# Constructive Interference of Sound

 P: 15 Hi, Two speakers, A and B, are located at x = +0.5 m and x = -0.5 m. A 680 Hz signal is sent to both speakers. You then walk around the origin, x = 0, in a circle of radius 5.0 m. v_sound = 340 m/s If you walk once around the complete circle, how many intensity maxima do you hear? This is what I did: m*wavelength = path difference Since the maximum path difference is 1.0 m and the wavelength is 0.5 metres, m can only be 0 or 1 or 2. This corresponds to 6 points on the circle (2 points per value of m). Is this the correct way of doing this question? The correct answer is 8, not 6, and I don't know where the extra 2 points come from! Please help me. Thank you very much!
 P: 279 If you are walking around a circle at 5m doesn't the path to each source depend on sine and cosine relationships, or some other variable geometry?
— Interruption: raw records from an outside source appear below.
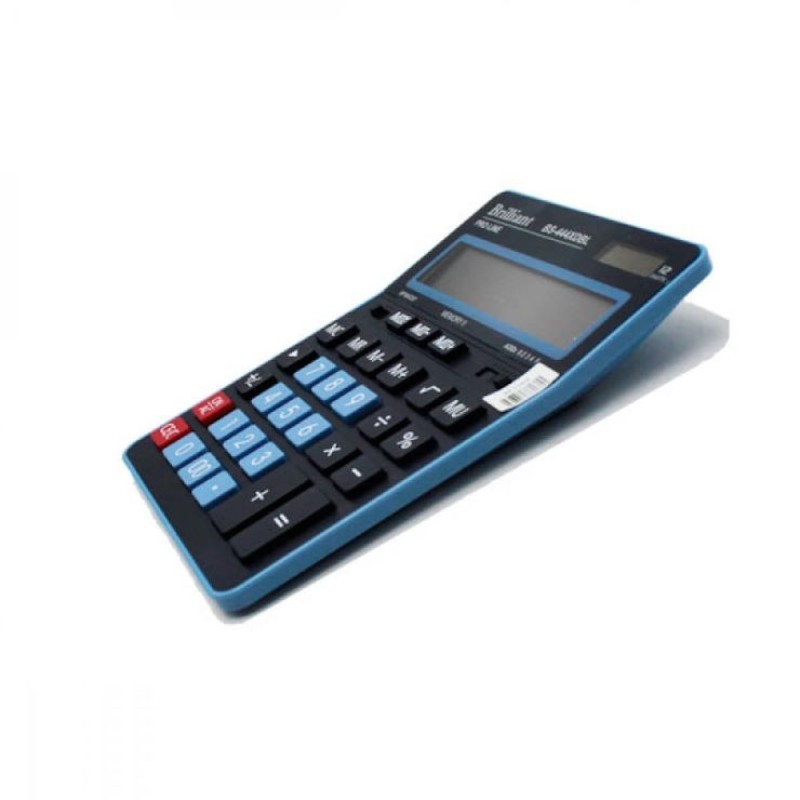 Калькулятор «Brilliant» 15,5х20,5 см, BS-444XDBL
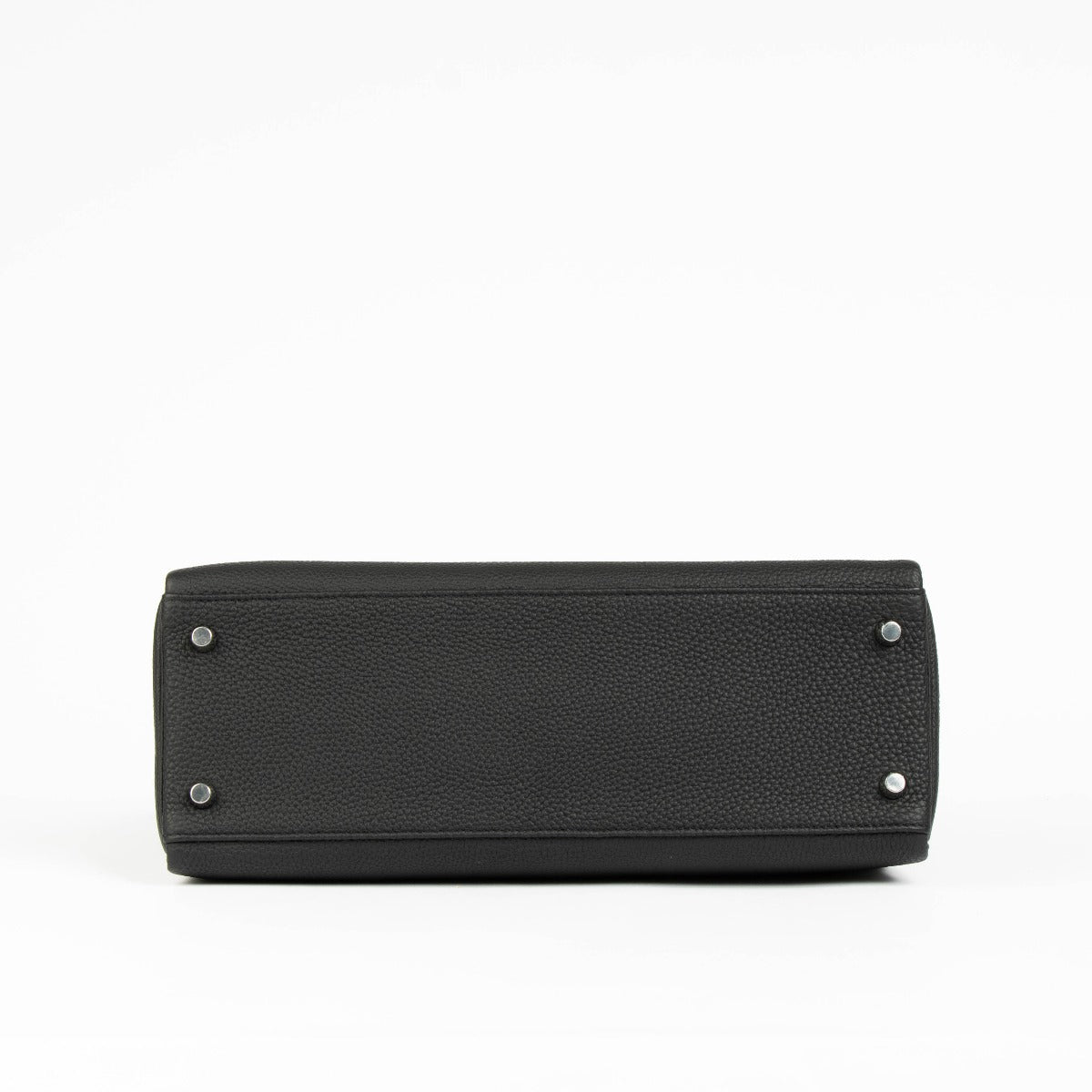 Hermès Kelly 32 Black Togo PHW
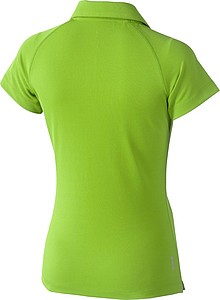 Polokošile ELEVATE OTTAWA COOL FIT LADIES POLO světle zelená M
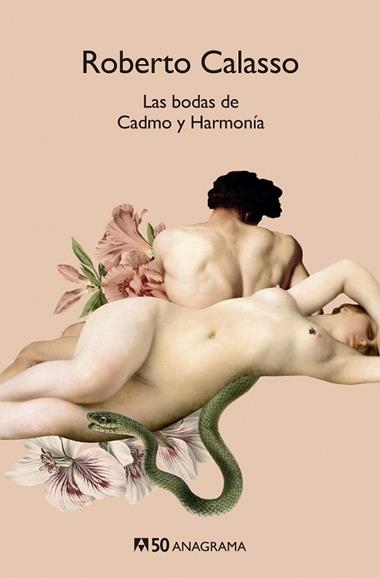 LAS BODAS DE CADMO Y HARMONIA | 9788433902405 | ROBERTO CALASSO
In other words, I am asking, is the path difference to be considered as the distance of the listener to each source, and not the distance between the two sources?
 P: 15 The path difference is supposed to be the difference in distance that sound waves from each source must travel to get to you. So, for example, if you are 3 metres from a certain source and there is another source 1 metre directly behind the first source, the path difference would be 4-3=1 metre. I hope that makes sense. I know for sure that the maximum path difference is 1 m because I had to determine that in another part of the question and the answer key agrees with me on that part.
 P: 15 Constructive Interference of Sound Perhaps I have the entire concept wrong and there's some other mysterious formula that I am supposed to use...?
 P: 4,663 Are the two speakers being driven in-phase or out-of-phase (polarity reversed)? Bob S
 P: 15 I think we're supposed to assume that they're emitting sound waves in phase and that the only phase difference arises from the path difference.
 Sci Advisor P: 8,784 Maybe there are 4 points corresponding to m=1? By circular symmetry?
 P: 15 How do I find the four points?
 Sci Advisor P: 8,784 Draw the speakers and the circle. Draw the points where m=0 (no path difference), and the points where m=2 (maximal path difference). Presumably the m=1 points are between those. To start, let's use x and y axes. I would guess that the two m=0 points are at (x=0, y=5) and (x=0, y=-5). Do you agree?
 P: 15 Yes, and the points where m=2 are at (5,0) and (-5,0)?
 Sci Advisor P: 8,784 Yes. So if you try to place only two m=1 points between your m=0 and m=2 points, will you be able to respect the symmetry of the situation?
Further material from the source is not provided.